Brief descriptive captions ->
━━━━
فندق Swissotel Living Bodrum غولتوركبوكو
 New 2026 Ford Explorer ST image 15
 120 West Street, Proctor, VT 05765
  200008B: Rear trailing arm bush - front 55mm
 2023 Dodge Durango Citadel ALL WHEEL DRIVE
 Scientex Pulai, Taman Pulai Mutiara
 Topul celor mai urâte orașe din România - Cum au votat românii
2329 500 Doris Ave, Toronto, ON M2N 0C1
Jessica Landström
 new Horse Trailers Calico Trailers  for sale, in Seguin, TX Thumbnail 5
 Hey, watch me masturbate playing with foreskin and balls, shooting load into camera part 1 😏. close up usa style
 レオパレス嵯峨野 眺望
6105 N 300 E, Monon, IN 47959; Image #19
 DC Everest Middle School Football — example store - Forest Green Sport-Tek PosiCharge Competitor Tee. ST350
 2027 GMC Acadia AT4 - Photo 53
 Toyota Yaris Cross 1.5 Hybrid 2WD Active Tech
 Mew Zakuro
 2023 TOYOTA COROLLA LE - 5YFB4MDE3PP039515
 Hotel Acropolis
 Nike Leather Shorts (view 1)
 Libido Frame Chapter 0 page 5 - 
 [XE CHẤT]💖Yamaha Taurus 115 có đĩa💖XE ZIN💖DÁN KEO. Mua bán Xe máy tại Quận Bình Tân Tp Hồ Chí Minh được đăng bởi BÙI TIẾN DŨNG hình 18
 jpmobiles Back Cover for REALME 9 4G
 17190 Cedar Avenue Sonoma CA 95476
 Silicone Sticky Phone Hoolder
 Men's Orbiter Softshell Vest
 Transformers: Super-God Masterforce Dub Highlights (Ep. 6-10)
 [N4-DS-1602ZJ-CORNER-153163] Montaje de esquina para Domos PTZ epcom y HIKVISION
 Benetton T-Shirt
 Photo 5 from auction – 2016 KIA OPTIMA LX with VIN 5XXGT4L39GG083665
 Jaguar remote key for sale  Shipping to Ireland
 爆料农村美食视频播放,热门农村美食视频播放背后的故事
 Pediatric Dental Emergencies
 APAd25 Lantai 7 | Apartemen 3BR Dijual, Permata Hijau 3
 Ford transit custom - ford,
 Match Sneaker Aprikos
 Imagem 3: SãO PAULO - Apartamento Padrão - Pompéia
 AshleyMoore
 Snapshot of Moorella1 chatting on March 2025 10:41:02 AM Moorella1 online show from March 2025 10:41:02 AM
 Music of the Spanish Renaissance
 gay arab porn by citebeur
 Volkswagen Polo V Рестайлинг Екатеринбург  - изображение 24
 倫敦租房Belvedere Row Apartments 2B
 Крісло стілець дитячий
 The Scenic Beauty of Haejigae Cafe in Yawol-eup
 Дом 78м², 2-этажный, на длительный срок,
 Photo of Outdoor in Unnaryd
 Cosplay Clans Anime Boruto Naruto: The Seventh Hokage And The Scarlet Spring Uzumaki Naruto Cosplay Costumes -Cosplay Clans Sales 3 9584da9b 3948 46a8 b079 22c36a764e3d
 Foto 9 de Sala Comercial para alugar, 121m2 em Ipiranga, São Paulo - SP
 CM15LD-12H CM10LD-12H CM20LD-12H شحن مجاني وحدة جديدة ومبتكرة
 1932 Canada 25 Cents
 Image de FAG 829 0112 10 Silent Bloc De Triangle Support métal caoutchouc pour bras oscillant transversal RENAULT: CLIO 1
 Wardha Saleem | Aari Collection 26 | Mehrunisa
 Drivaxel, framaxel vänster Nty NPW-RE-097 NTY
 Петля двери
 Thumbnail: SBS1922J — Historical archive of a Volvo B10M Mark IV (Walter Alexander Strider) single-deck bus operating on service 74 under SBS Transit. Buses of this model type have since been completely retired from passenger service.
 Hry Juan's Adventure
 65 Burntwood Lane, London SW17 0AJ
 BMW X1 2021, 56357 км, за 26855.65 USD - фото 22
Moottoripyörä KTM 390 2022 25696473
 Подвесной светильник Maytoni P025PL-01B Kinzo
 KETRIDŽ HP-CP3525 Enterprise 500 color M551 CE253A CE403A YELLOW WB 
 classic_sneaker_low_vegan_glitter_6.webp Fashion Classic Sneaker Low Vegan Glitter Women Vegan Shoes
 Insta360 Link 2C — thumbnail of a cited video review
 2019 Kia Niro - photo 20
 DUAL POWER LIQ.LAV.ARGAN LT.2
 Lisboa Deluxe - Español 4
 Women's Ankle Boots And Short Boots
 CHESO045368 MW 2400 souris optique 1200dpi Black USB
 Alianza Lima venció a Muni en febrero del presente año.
━━━━
Assignment -> A complete answer gives every line of the records holding "with".

Answer for the task ->
 Hey, watch me masturbate playing with foreskin and balls, shooting load into camera part 1 😏. close up usa style
 Photo 5 from auction – 2016 KIA OPTIMA LX with VIN 5XXGT4L39GG083665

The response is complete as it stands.